A la différence des pichets connus dans plusieurs collections, dont la mienne, celui-ci est habillé d’une « coiffe » en métal (selon l’annonce en étain).
C’est cette coiffe qui a fait débat. Etait-elle d’origine? Un rajout tardif? Pourquoi a-t-elle était rajoutée? Encore un faux? Un rajout pour cacher une réparation?
J’aime jouer et j’étais convaincu de l’authenticité de la coiffe. En recevant le pichet, j’étais très heureux d’admirer un travail très fin du métal, rendant l’ensemble harmonieux.
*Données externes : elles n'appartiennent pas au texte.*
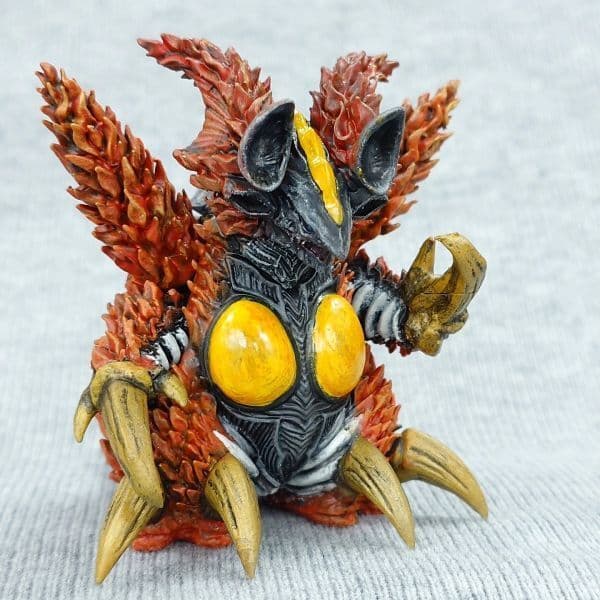 造形工房キトラ ウルトラマンオーブ マメ ゼッパンドン ガレージキット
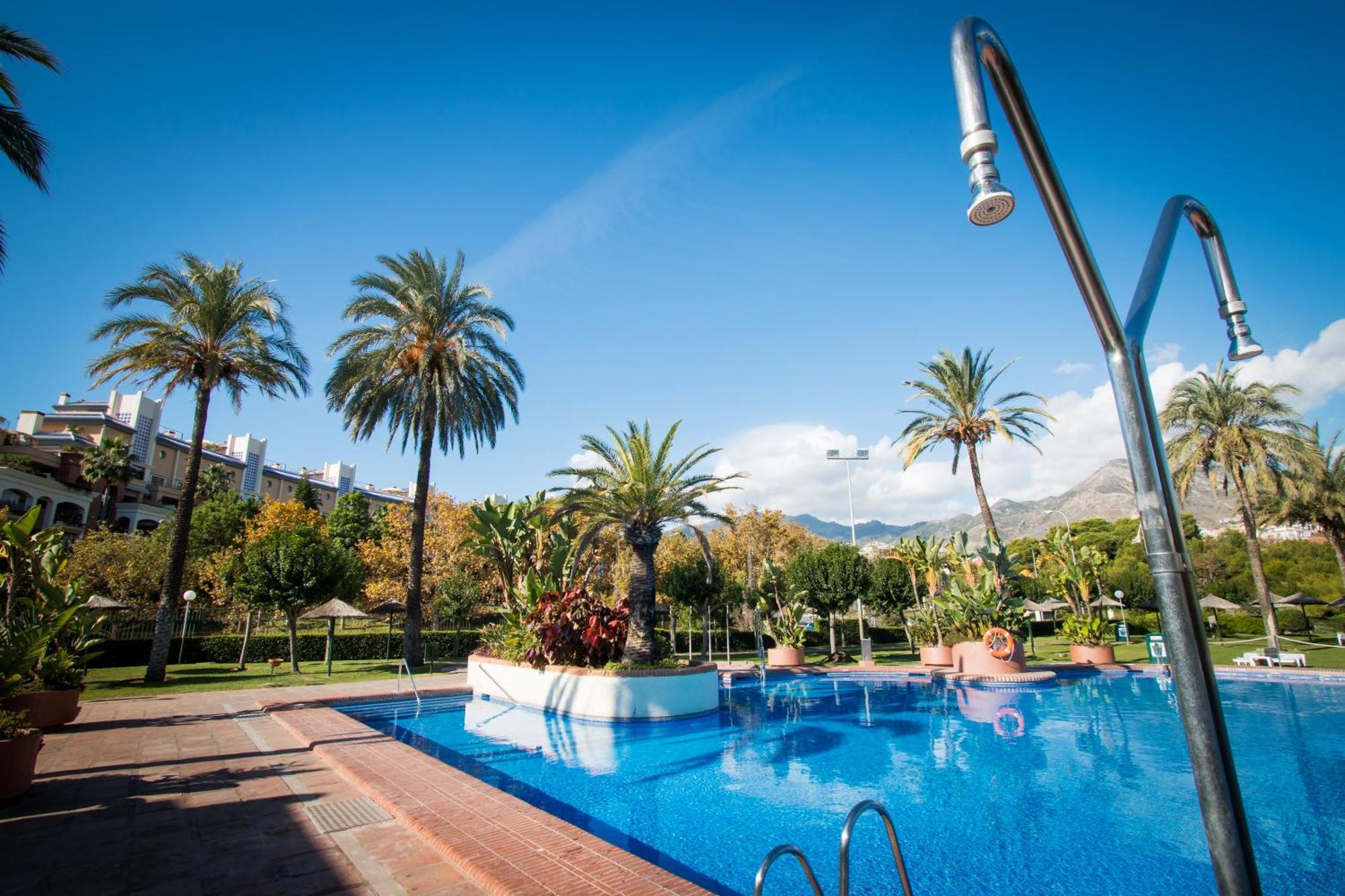 Holidays2benal Terraza Solarium Apartment Benalmadena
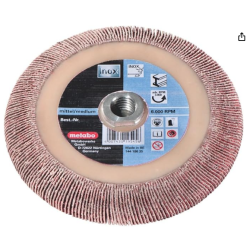 626471000 METABO WOLF SANDER 125 mm P 60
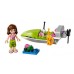 LEGO® Friends Jungle Boat (polybag) 30115
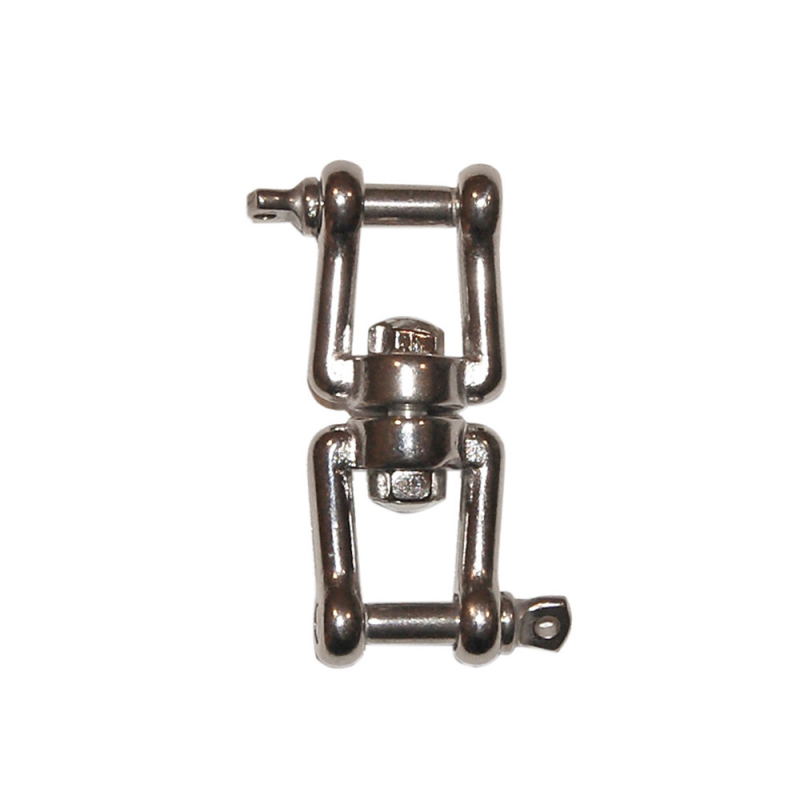 Girella inox grillo-grillo ø mm.10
Quentin, en fin observateur, a repéré quelque chose que le vendeur et moi même n’avions pas remarqué. Une signature dans le métal! La coiffe est signée L.Bonny. La famille Bonny était orfèvre à Paris dans les années 1900.
Nous avons décidé de nettoyer le métal tout d’abord près de la signature, puis voyant un très beau métal argenté de nettoyer toute la coiffe. Et là, en plus de la signature de l’orfèvre, un poinçon! Certes très fatigué mais de cette forme et en grossissant pas de doute, un poinçon Minerve 1, synonyme d’argent massif.
Après un nettoyage complet, il est à noter quelques manques et une difficulté à rattraper toute la coiffe par la finesse du travail.
Je suis très heureux de mon achat : un magnifique pichet Firmin Michelet avec une coiffe en argent massif signée. Sûrement une commande bourgeoise!